🤖 AI Summary
This work addresses the challenge of cross-domain task-oriented dialogue, which requires reasoning over both explicit and implicit feasibility constraints across long-horizon, multi-turn interactions. While large language models (LLMs) are prone to hallucination in long-range reasoning and reinforcement learning (RL) struggles to directly extract structured constraints from raw dialogue, this paper proposes VLK-RL, a hybrid framework that first leverages LLMs to generate candidate constraints and then employs a novel dual-role cross-validation mechanism to filter inconsistent or unreliable outputs. The verified constraints are subsequently mapped into ontology-aligned, structured state representations to guide RL policy optimization.
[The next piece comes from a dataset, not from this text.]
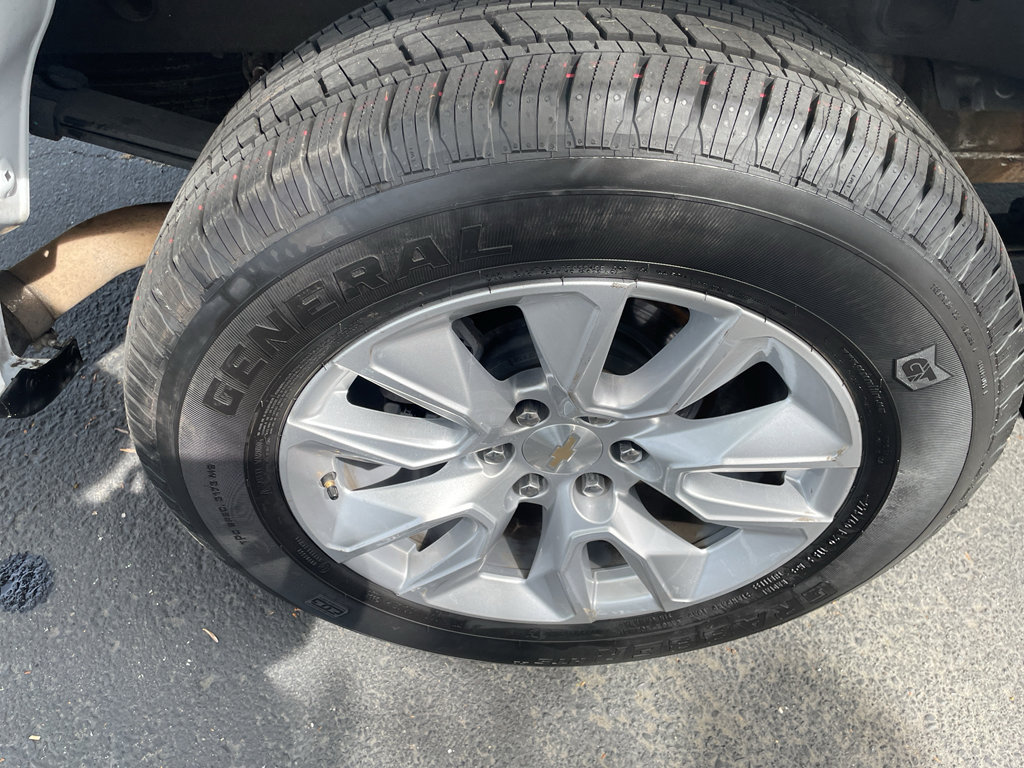 Used 2022 Chevrolet Silverado 1500 Custom w/ LPO, Dark Essentials Package image 12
This approach achieves, for the first time, reliable validation and symbolic transformation of LLM-generated constraints, effectively bridging symbolic reasoning with behavioral decision-making and significantly improving generalization and robustness across multiple benchmarks—particularly outperforming strong single-model baselines in long-horizon tasks.
📝 Abstract
Cross-domain task-oriented dialogue requires reasoning over implicit and explicit feasibility constraints while planning long-horizon, multi-turn actions. Large language models (LLMs) can infer such constraints but are unreliable over long horizons, while Reinforcement learning (RL) optimizes long-horizon behavior yet cannot recover constraints from raw dialogue. Naively coupling LLMs with RL is therefore brittle: unverified or unstructured LLM outputs can corrupt state representations and misguide policy learning. Motivated by this, we propose Verified LLM-Knowledge empowered RL (VLK-RL), a hybrid framework that makes LLM-derived constraint reasoning usable for RL. VLK-RL first elicits candidate constraints with an LLM and then verifies them via a dual-role cross-examination procedure to suppress hallucinations and cross-turn inconsistencies. The verified constraints are mapped into ontology-aligned slot-value representations, yielding a structured, constraint-aware state for RL policy optimization. Experiments across multiple benchmarks demonstrate that VLK-RL significantly improves generalization and robustness, outperforming strong single-model baselines on long-horizon tasks.